··· RECORDS FOR THIS EXERCISE ···

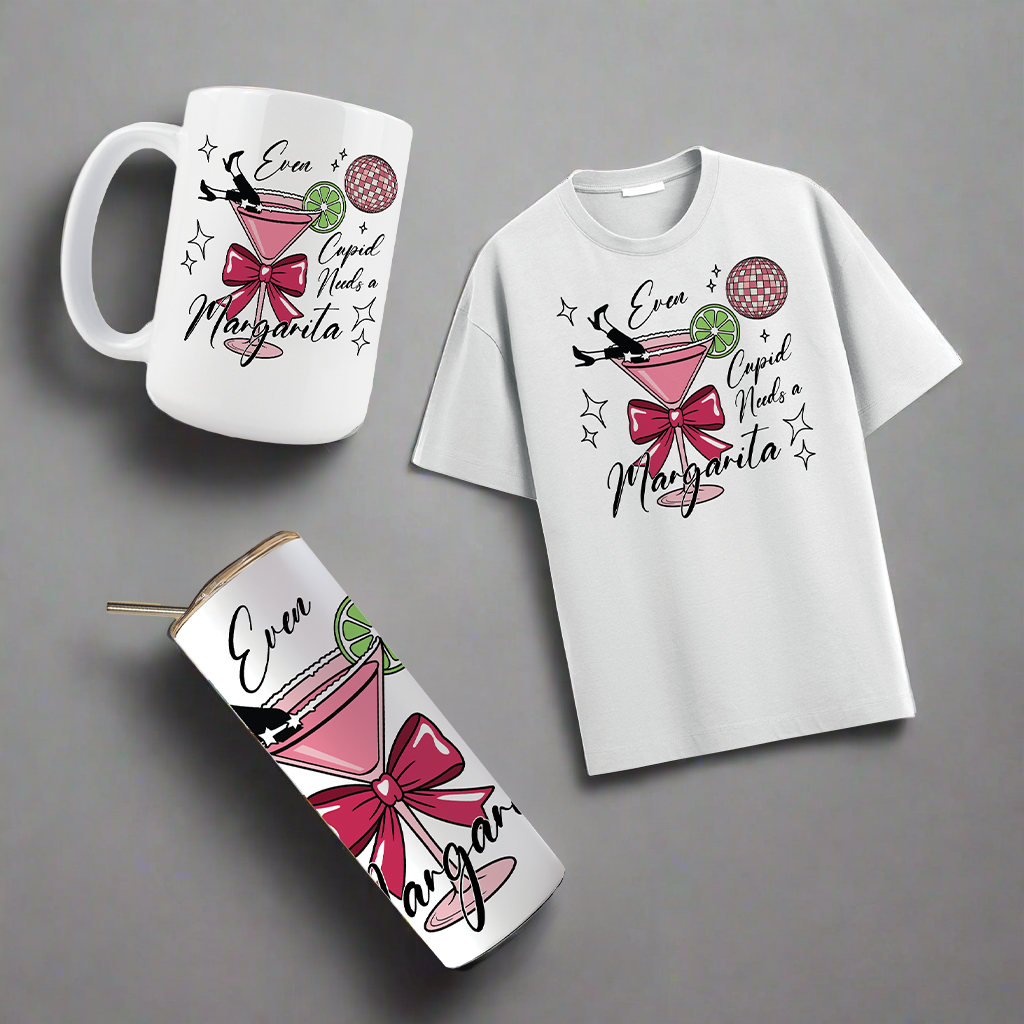 Multi Product Use - Digital Sublimation Designs - Valentine's Day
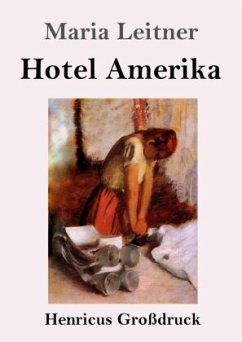 Hotel Amerika (Großdruck) - Leitner, Maria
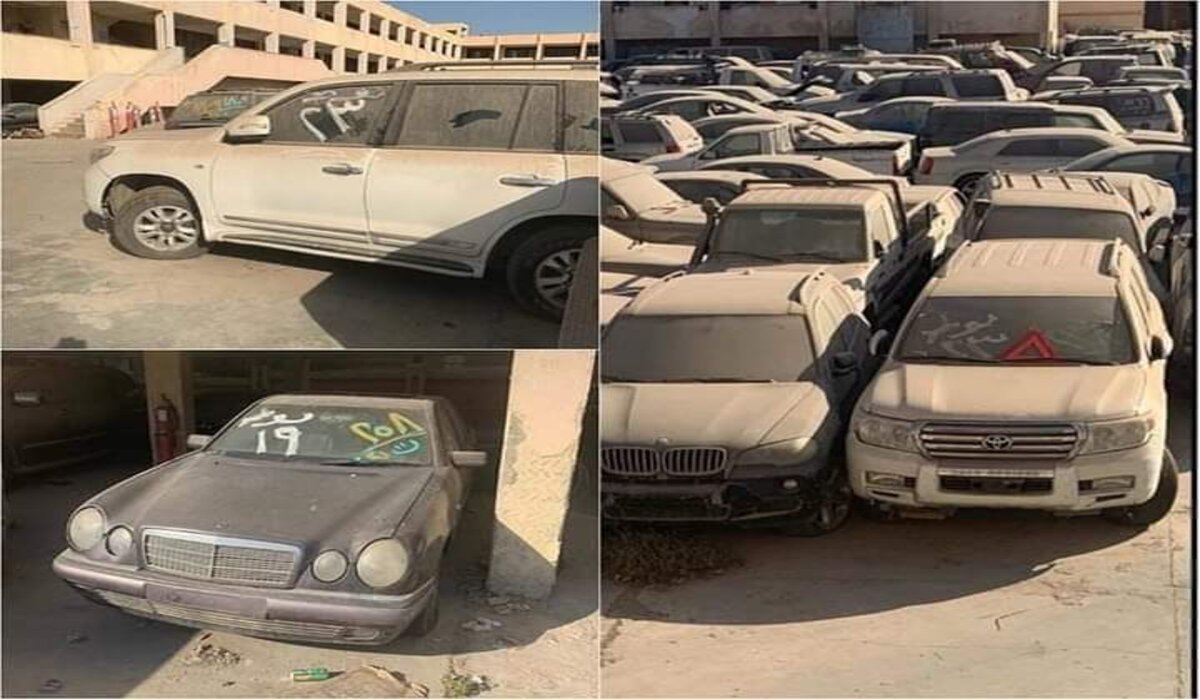 مزاد علني لبيع السيارات المستعملة التابعة للجهات الحكومية.. التفاصيل والشروط
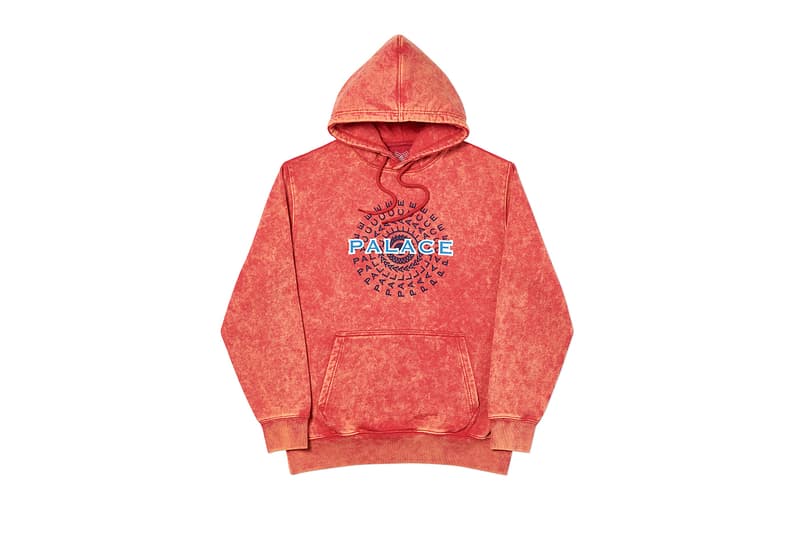 Palace Fall Winter 2019 Week Five Collection Seasonal Drops Skateboards Skateboarding Jackets T-Shirts Caps Jumpers Sweatshirts Track Pants 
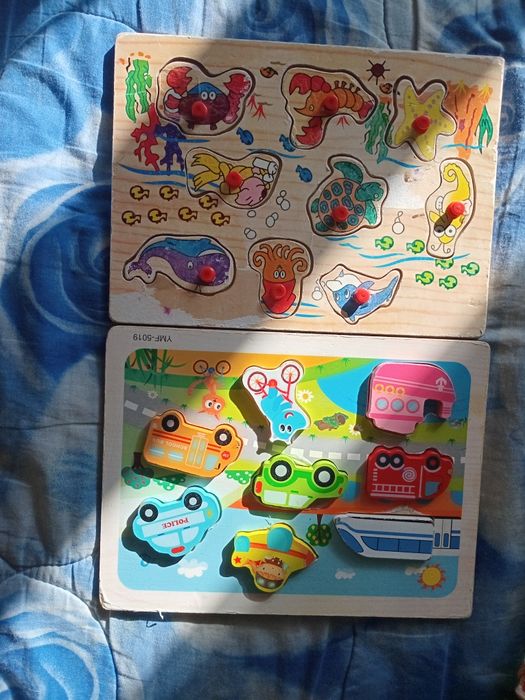 Детские игрушки в хорошем состоянии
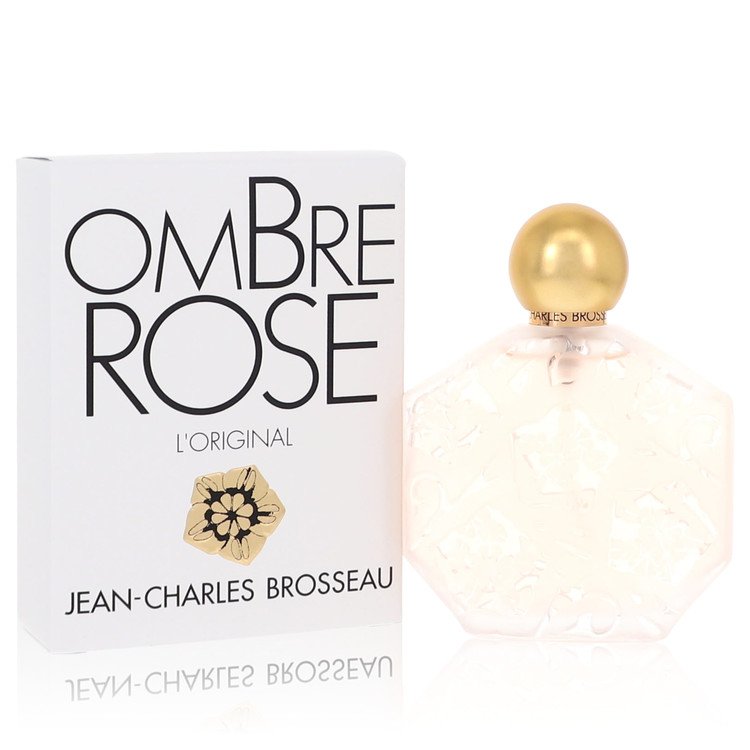 Ombre Rose 1.7 oz Eau De Toilette Spray For Women By Brosseau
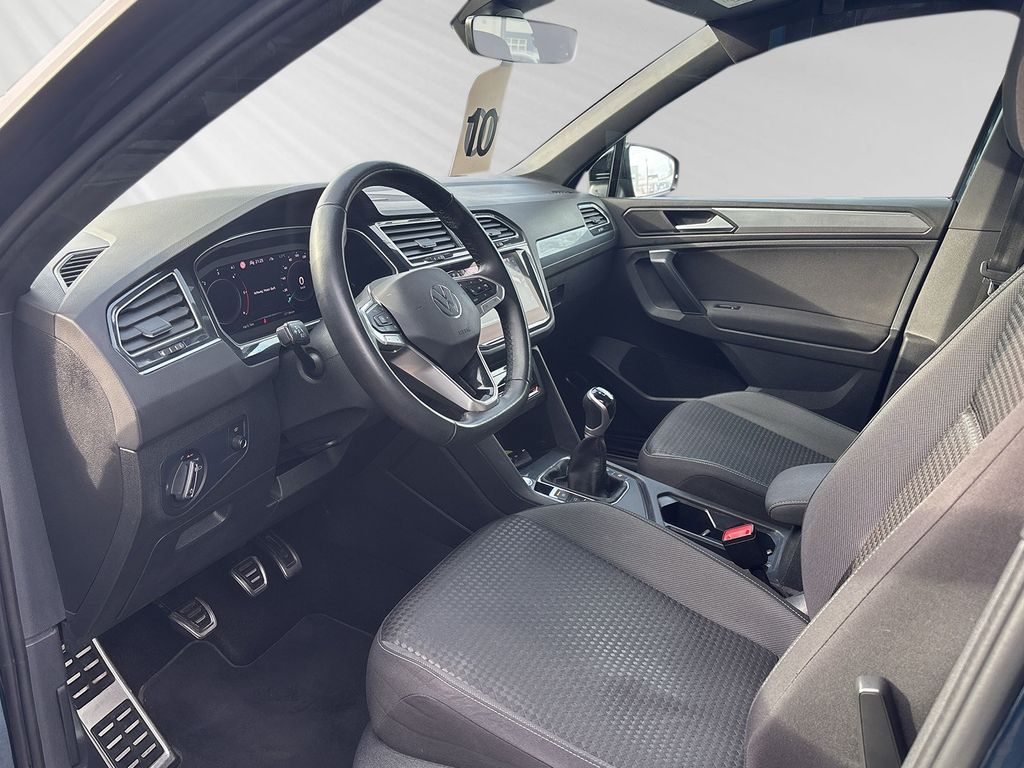 Volkswagen Tiguan 2021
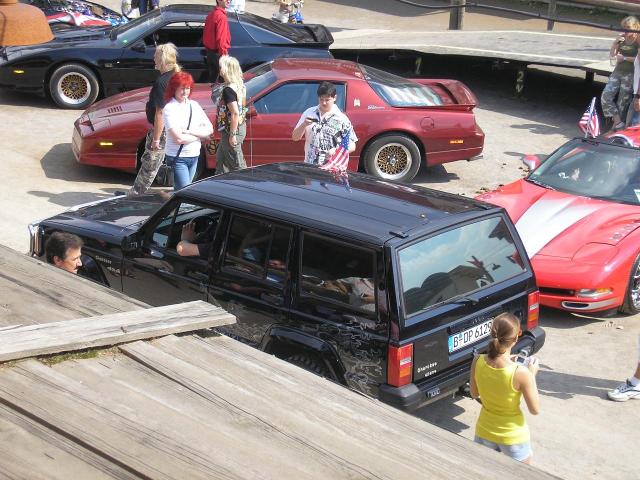 fahrzeugpräsentation in Geiselwind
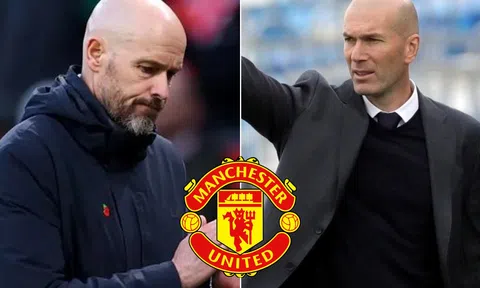 Tin chuyển nhượng trưa 13/12: MU ra quyết định sa thải HLV Ten Hag; Zidane xác nhận vụ đến Man Utd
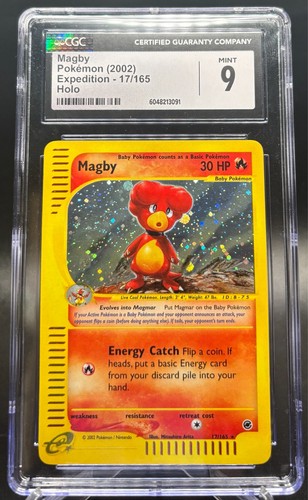 Magby graded CGC 9 for sale on eBay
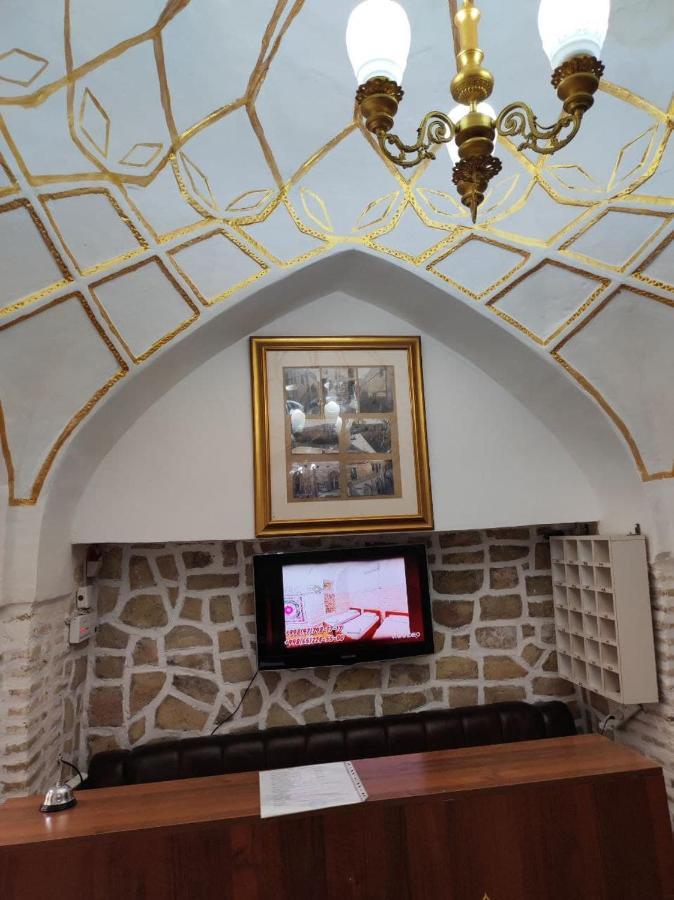 Ohun Caravan Sarai XIX Buchara Exteriör bild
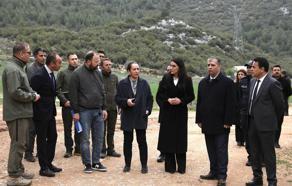 Vali Bilgihan'dan Bucak'ta inceleme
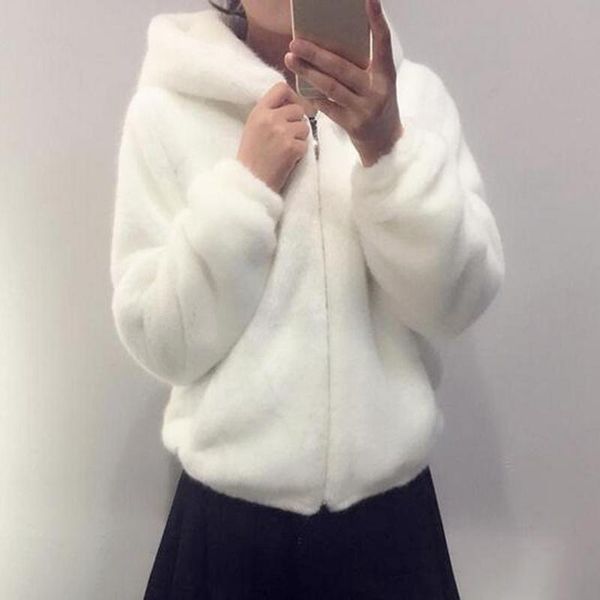 women's fur & faux imitation winter soft mink coat warm artificial hooded oversized 2021 fashion women jacket white black
women's fur & faux imitation winter soft mink coat warm artificial hooded oversized 2021 fashion women jacket white black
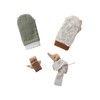 Vertbaudet Baby Rattle Set: Bracelets & Socks Babylon Beige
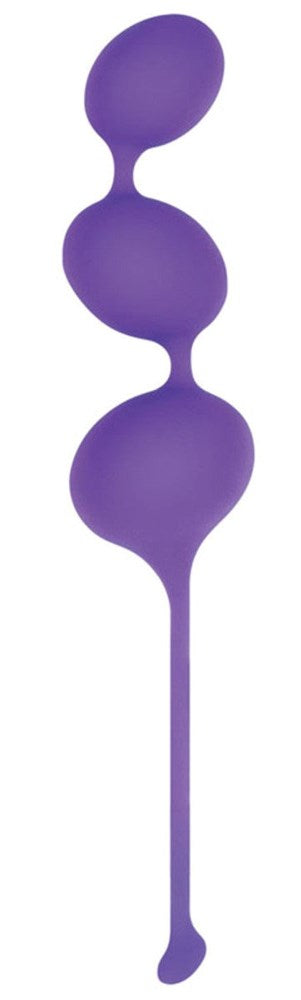 Inya Orgasmic Balls Purple - - Personal Massagers
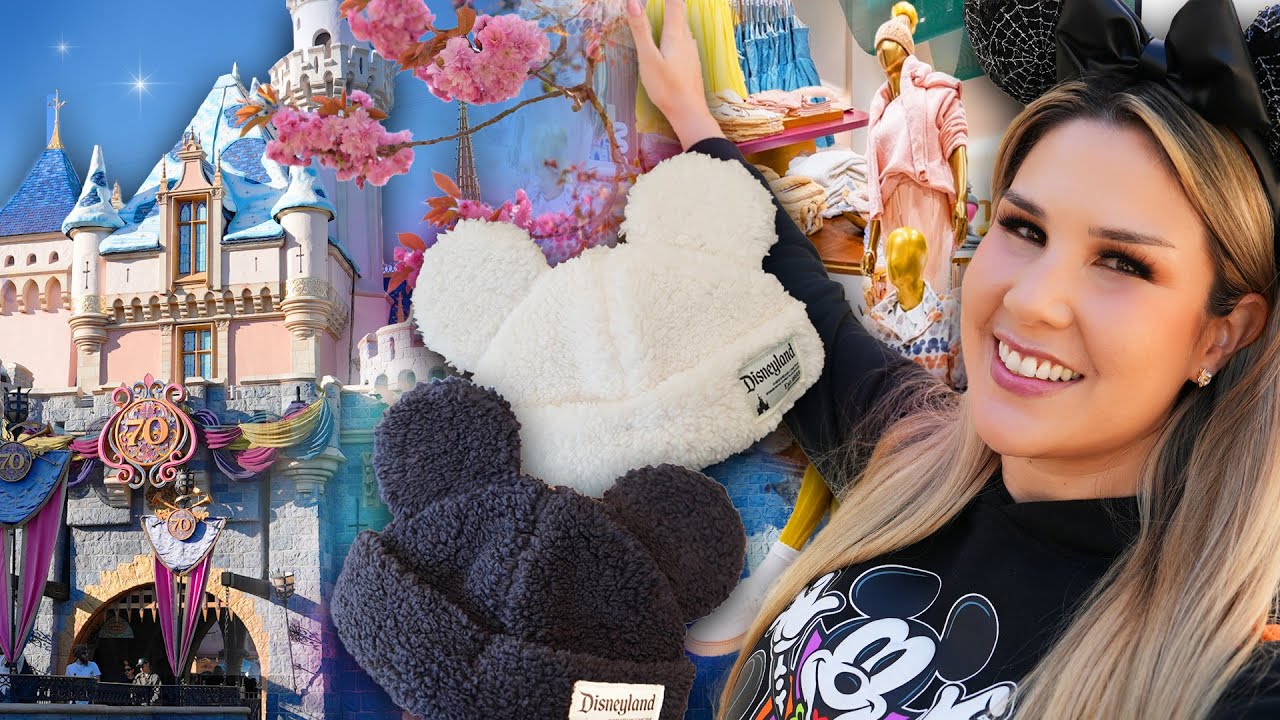 Проведите вечер за покупками со мной! Последние товары, мои покупки и новости о праздниках | Дисн...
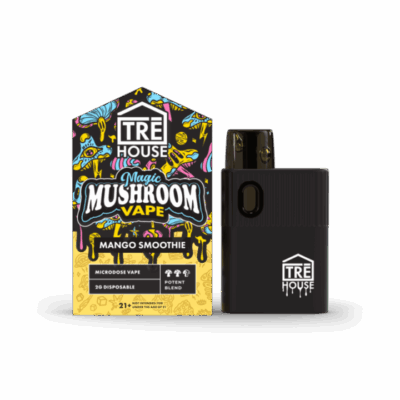TRĒ House Microdose Magic Mushroom Vape Pen - Mango Smoothie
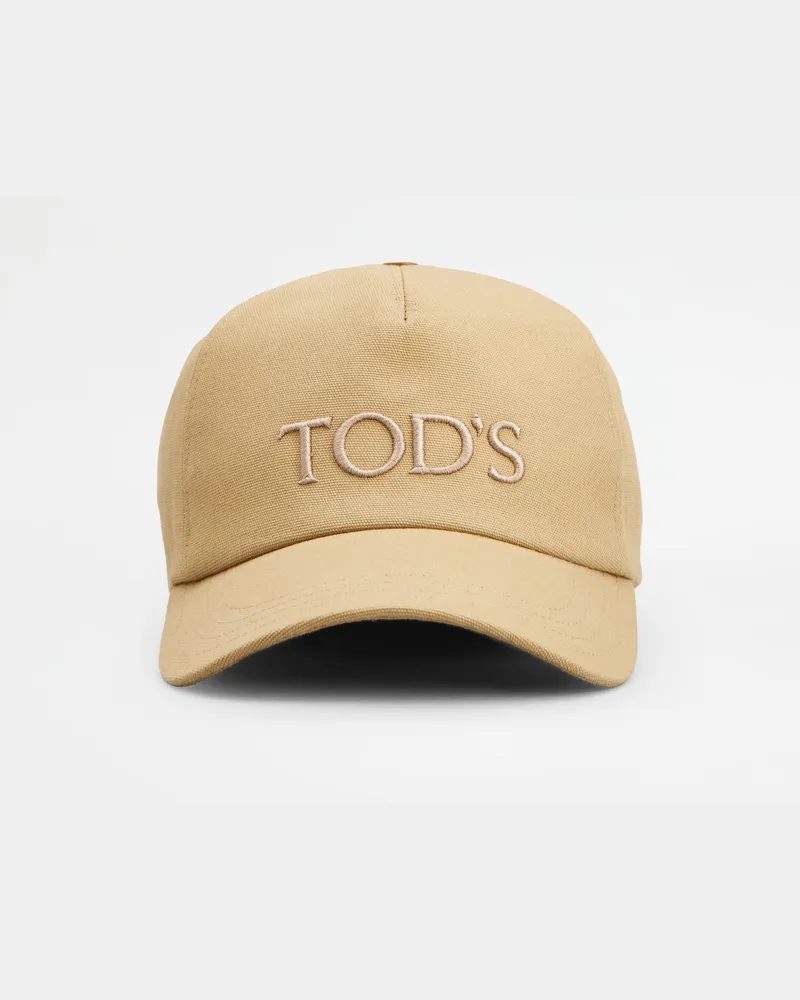 TOD'S Cap mit Visier, BEIGE,  - Accessories Beige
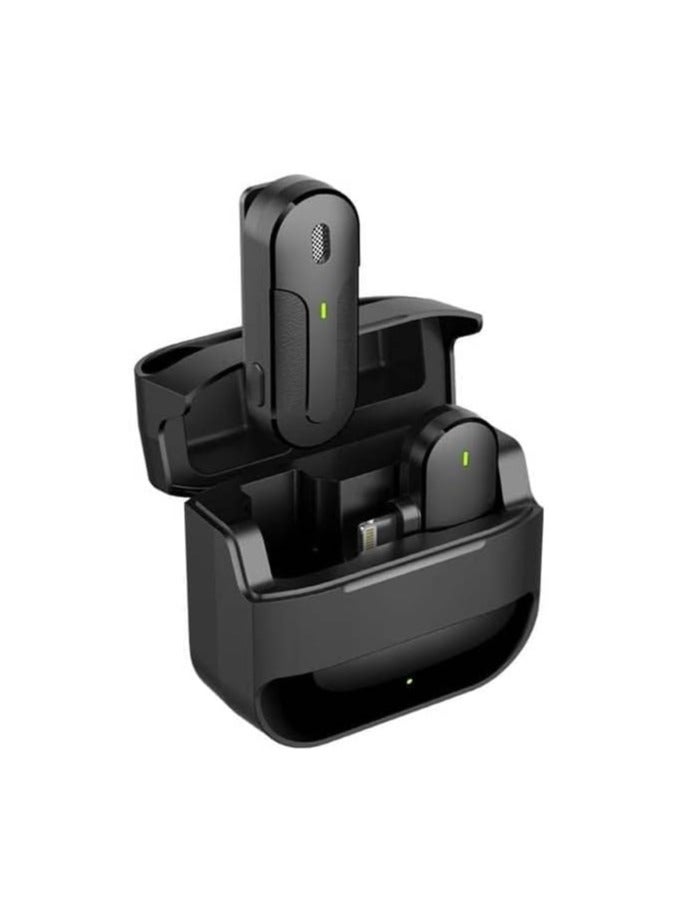 erorex Wireless Microphone (Lightning Connector) - Black - Image 3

···

## TASK DESCRIPTION
Write out word for word the lines above that run from the one with "Volkswagen Tiguan 2021" to the one with "Inya Orgasmic Balls". Include both end lines; exclude the images.

## WRITTEN ANSWER
 Volkswagen Tiguan 2021
 fahrzeugpräsentation in Geiselwind
 Tin chuyển nhượng trưa 13/12: MU ra quyết định sa thải HLV Ten Hag; Zidane xác nhận vụ đến Man Utd
 Magby graded CGC 9 for sale on eBay
 Ohun Caravan Sarai XIX Buchara Exteriör bild
 Vali Bilgihan'dan Bucak'ta inceleme
 women's fur & faux imitation winter soft mink coat warm artificial hooded oversized 2021 fashion women jacket white black
women's fur & faux imitation winter soft mink coat warm artificial hooded oversized 2021 fashion women jacket white black
 Vertbaudet Baby Rattle Set: Bracelets & Socks Babylon Beige
 Inya Orgasmic Balls Purple - - Personal Massagers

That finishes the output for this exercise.